363. The reasoning of a General Agreements on Tariff and Trade 1947 (“GATT 1947”) panel supports this analysis. In EEC – Fruits and Vegetables, that panel examined a minimum price requirement imposed on the importation of tomato concentrates by what was then the European Economic Community (“EEC”). The minimum import price requirement at issue in that dispute consisted of a regulation providing for the annual establishment of a minimum import price for tomato concentrates, which was enforced by an associated security system. The associated security system conditioned the issuance of import certificates for tomato concentrates on the lodging of an additional security in order to guarantee that the free-at-frontier price of imports plus the customs duty for the good together equaled or exceeded the minimum price that had been set for that year.
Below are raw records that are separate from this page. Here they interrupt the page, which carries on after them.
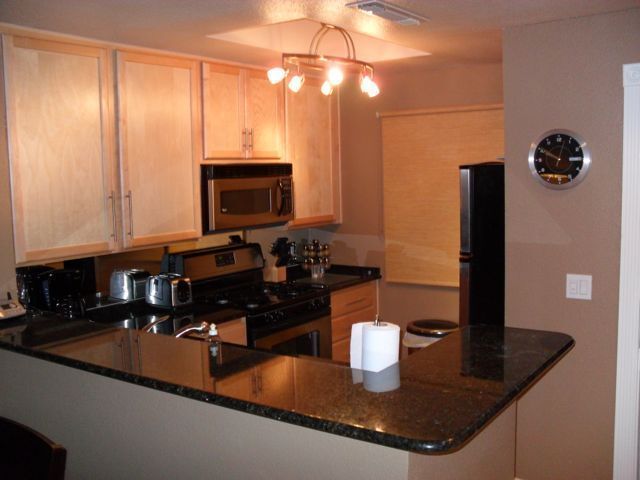 Building Photo - Meridian STUDIO Condo Fully Furnished near Main Pool-Lush Green trees in Resort Style Community.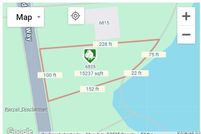 Land for sale in Marion County, Florida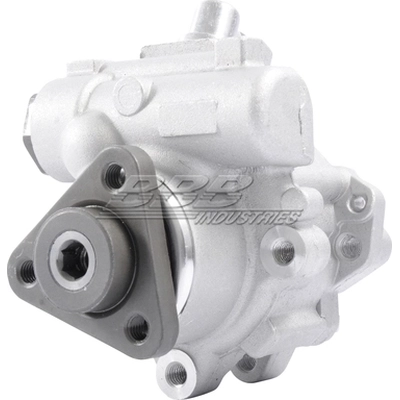 New Power Steering Pump by BBB INDUSTRIES - N990-0150 pa3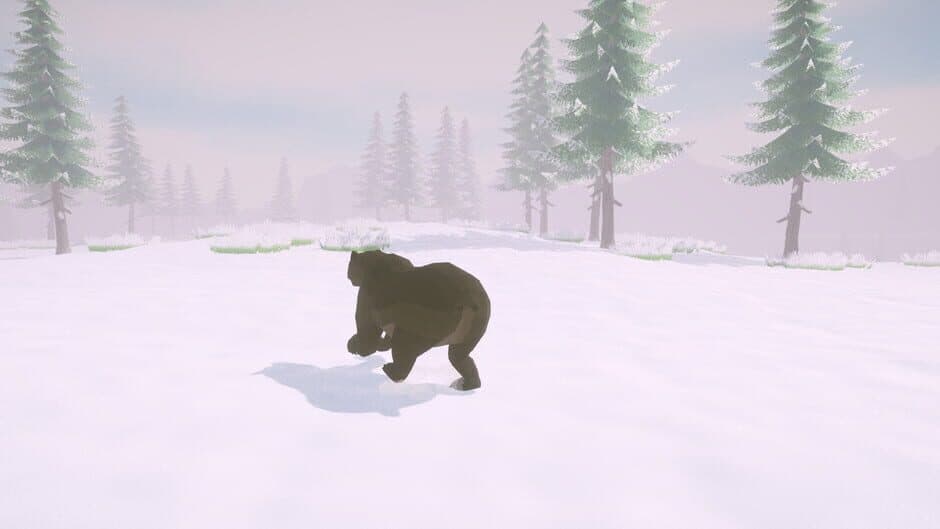 Cold Land screenshot 5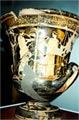 Red-figure calyx krater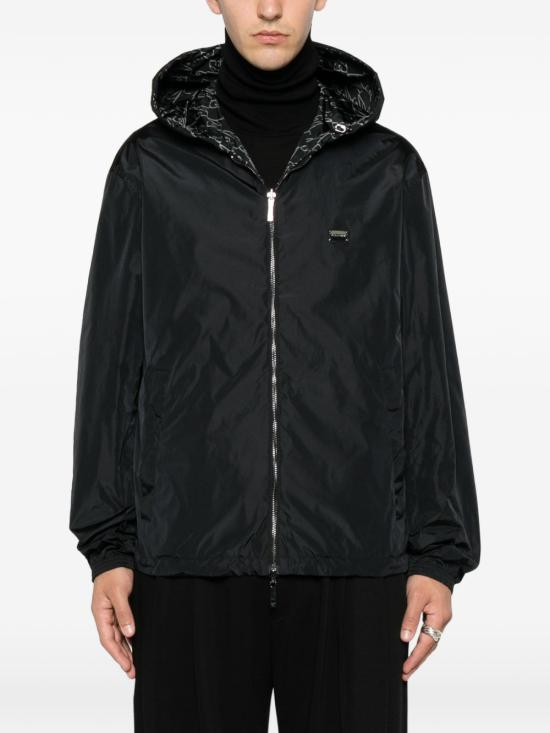 26FW 엠포리오 아르마니 자켓 EM006751AF12021FB517 NAVY - EMPORIO ARMANI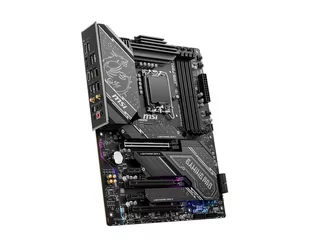 Płyta główna Płyta główna MSI Z790 GAMING PRO WIFI - Płyty główne - miniaturka - grafika 4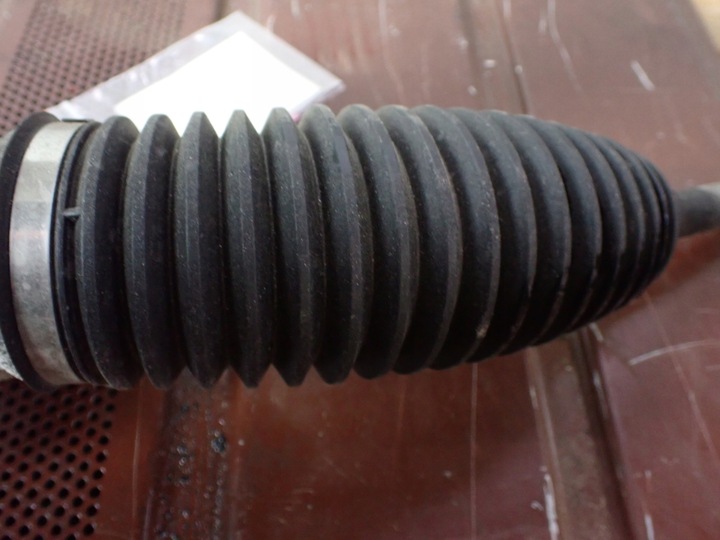 фото №10, Трансмиссия рулевая hyundai elantra vii салон 1.6 2024r 56500aa000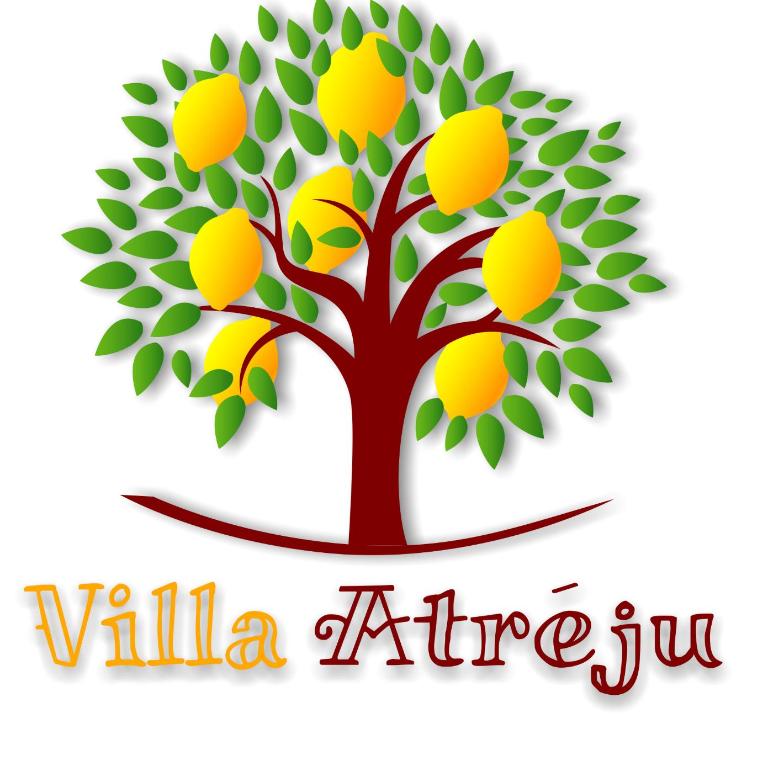 Villa Atréju - Villa con piscina privada - 18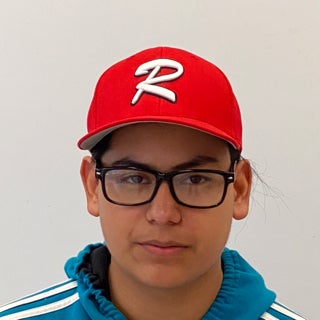 Mario Cortez mugshot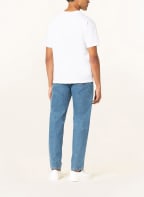 A.P.C. T-shirt AMORE , Color: WHITE (Image 1)
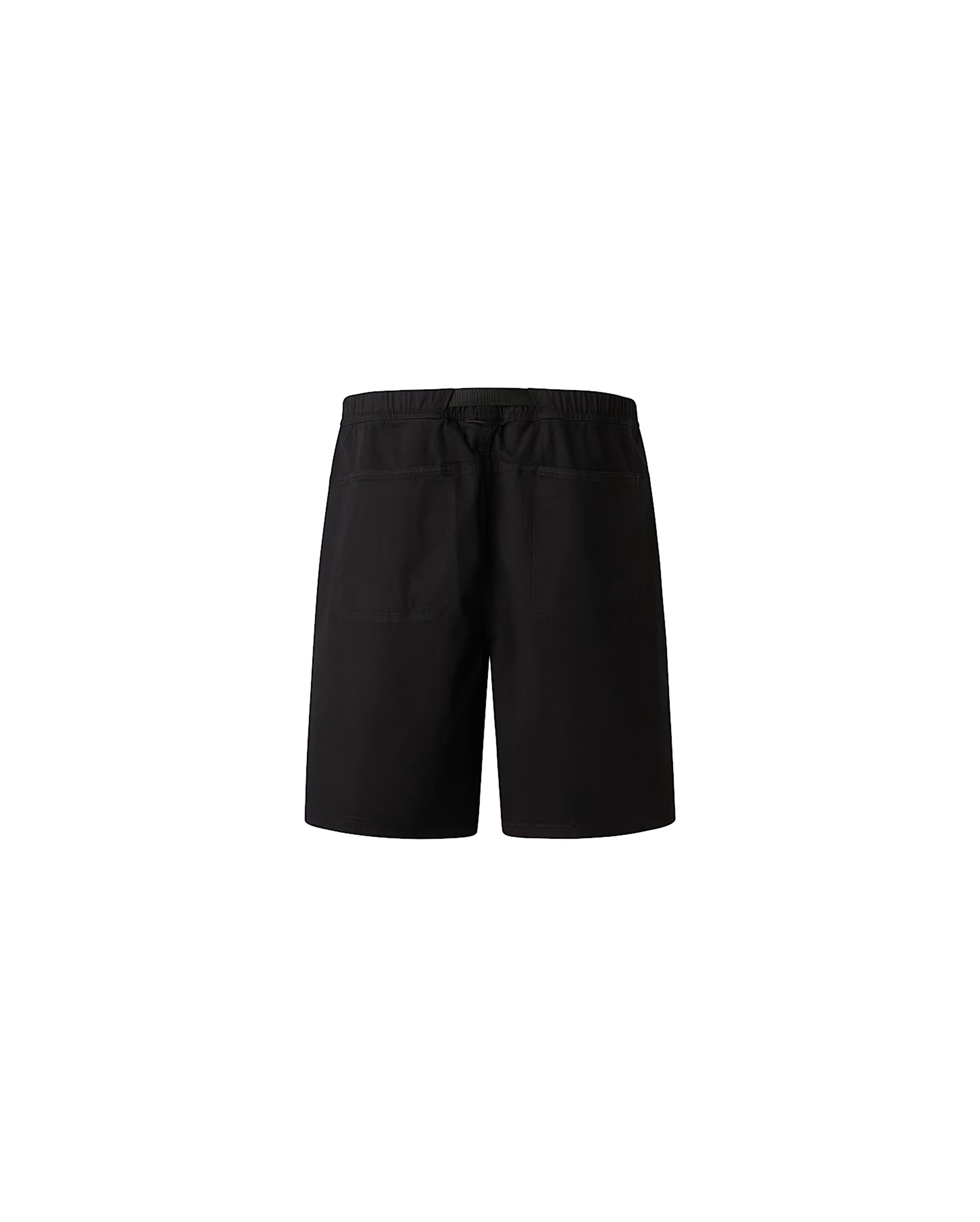 M Baggy Beta Shorts TNF Black - Starcowparis - 3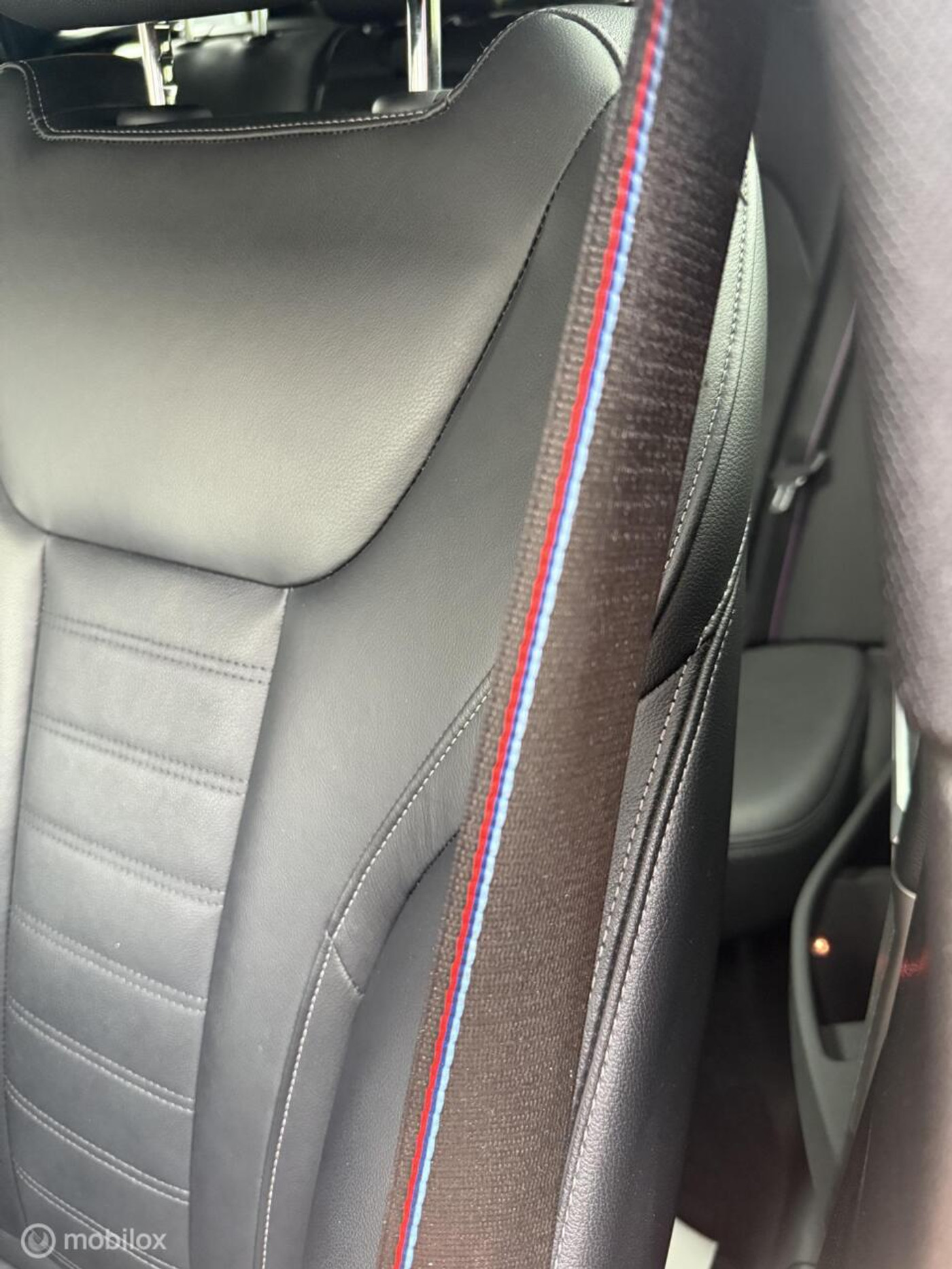 Foto van BMW 330i
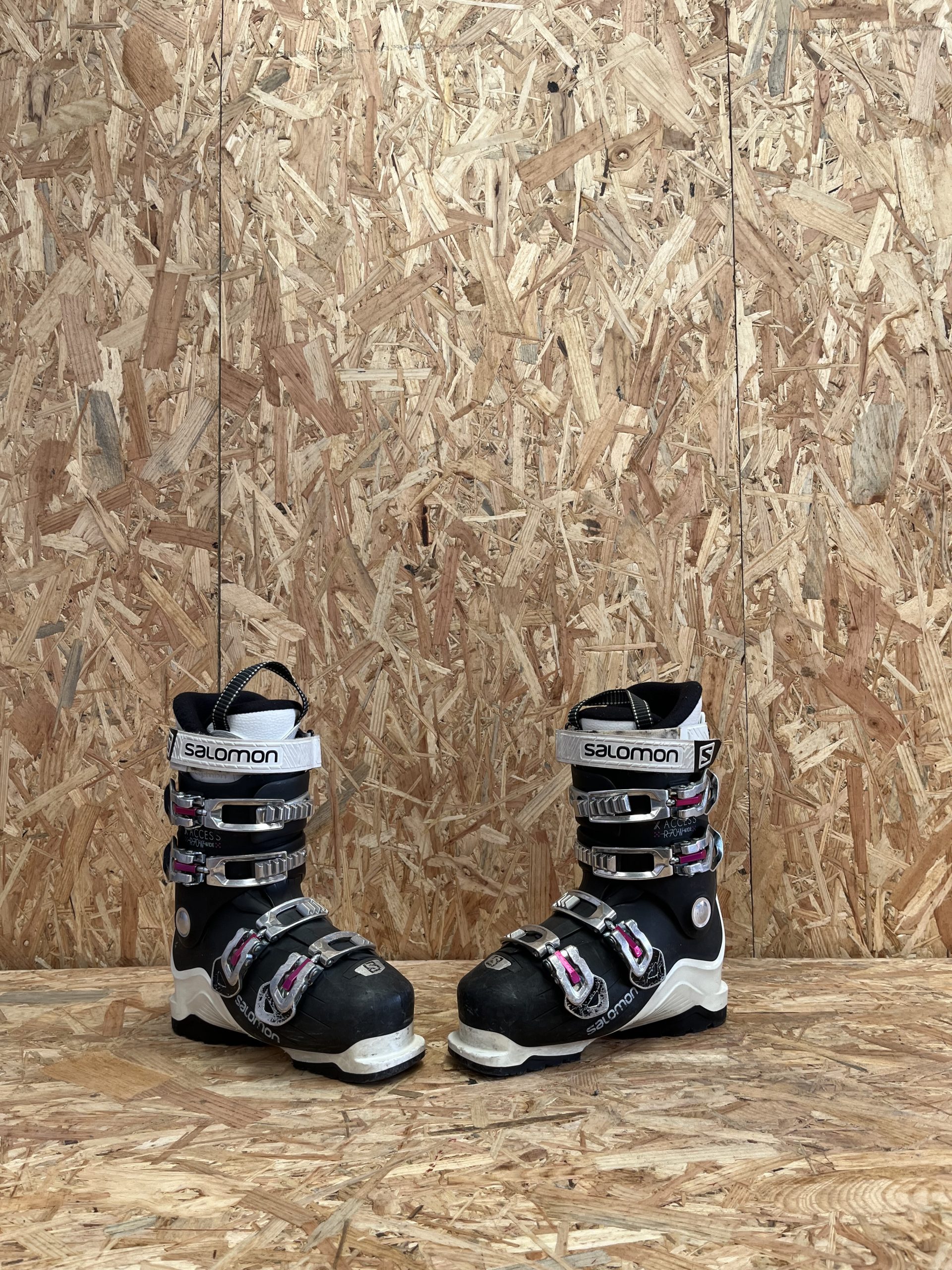 SALOMON X ACCESS R70 - Imagen 2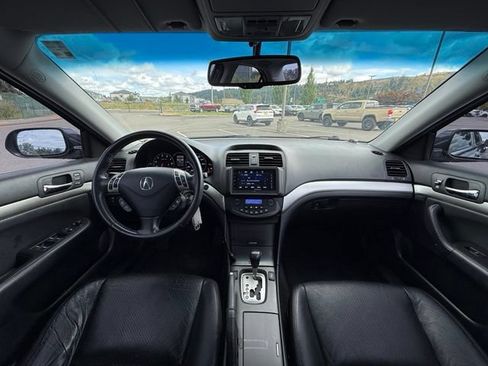 Used 2008 Acura TSX FWD image 10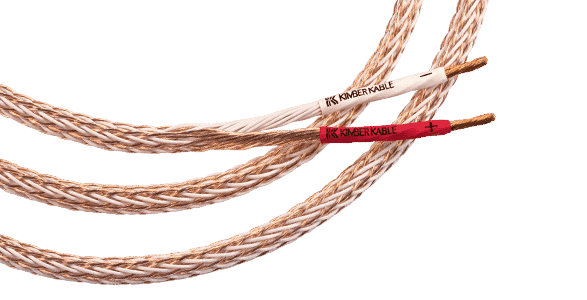Kimber 12TC Speaker Cable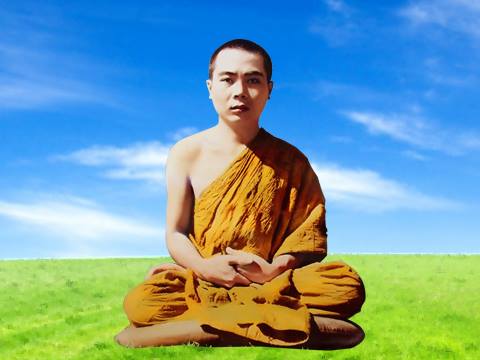Tổ sư Minh Đăng Quang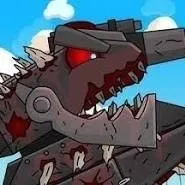chat with ai character: Parasite Ratte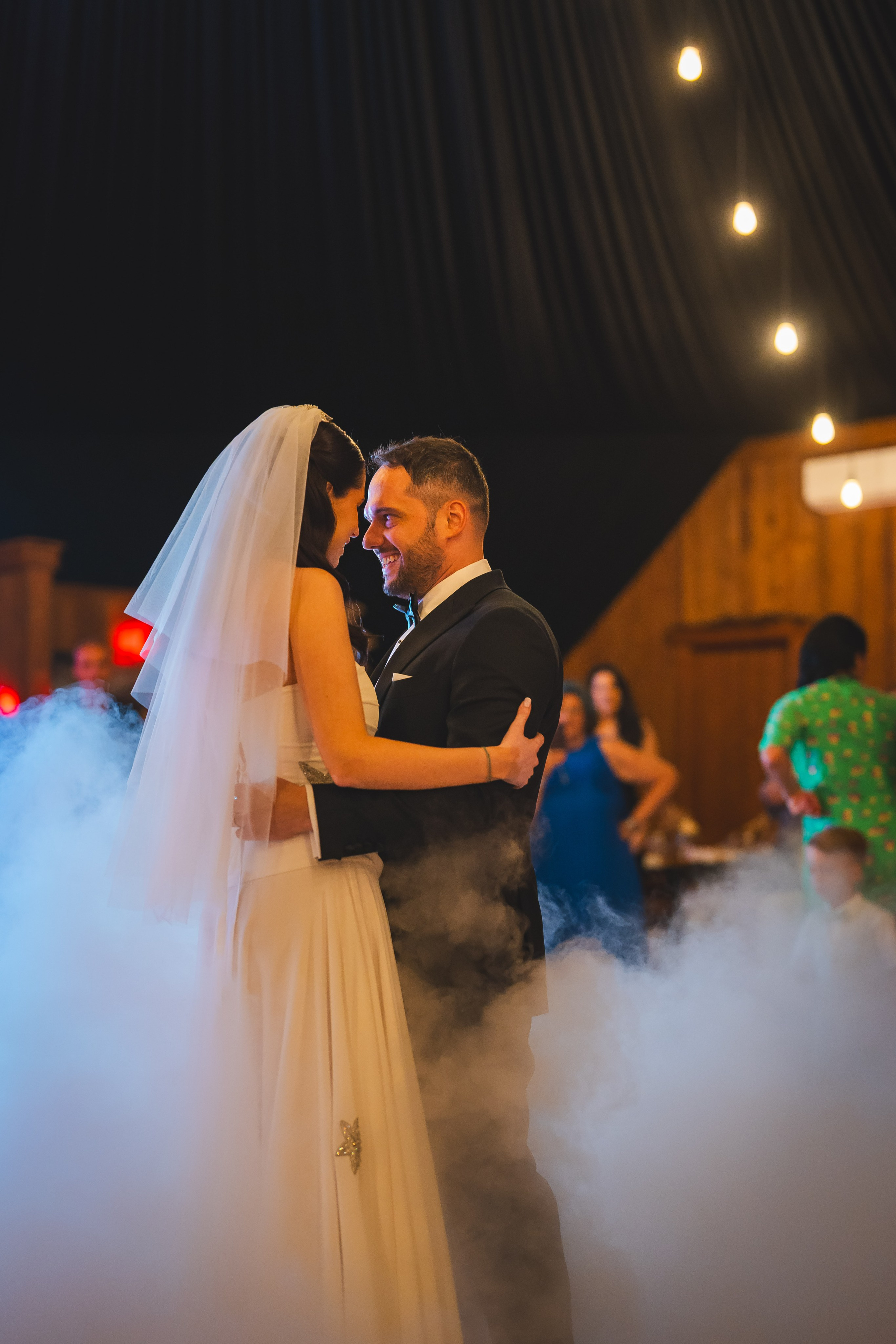 Codruta & Alex. Gabriel Florea — Fotograf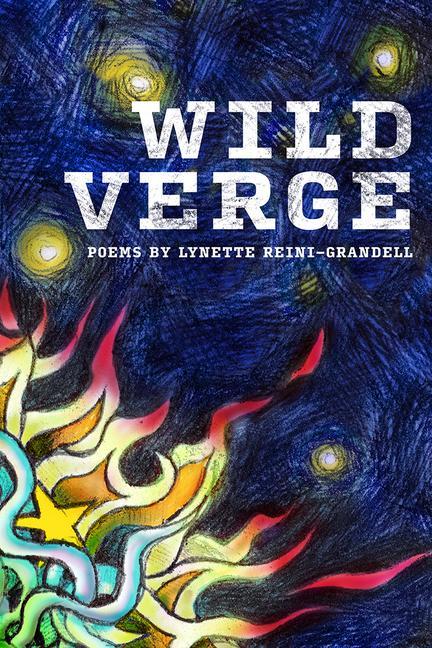 Vorderes Coverbild Wild Verge: Poems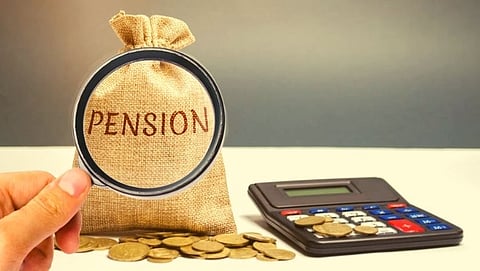 Pension Hike News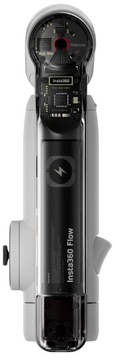 Gimbal INSTA360 Flow Standalone Szary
In any case where tomato concentrates were imported at a price lower than the established minimum import price, the security would be forfeited.446 The EEC – Fruits and Vegetables panel found that “the minimum import price system, as enforced by the additional security, was a restriction ‘other than duties[,] taxes or other charges’ within the meaning of Article XI:1.”447
Second, there was no mention in the U.S. submission about a possible GATT Article XX(g) defense by China. Such a defense is referred to in the Bacchus article, and hinted at by China itself at the DSB meeting where the dispute was first discussed:
82. ... During the consultations, China had clarified relevant Chinese administrative measures and had specified that its policy objectives were to conserve the environment and exhaustible natural resources, which were recognized by the United States, the EC and Mexico.
Presumably the U.S. wants to see China's legal arguments before addressing the issue itself. This is the issue that strikes me as the part of the case with the broadest appeal, so I think I'll wait to see that discussion before getting into more substance from the case.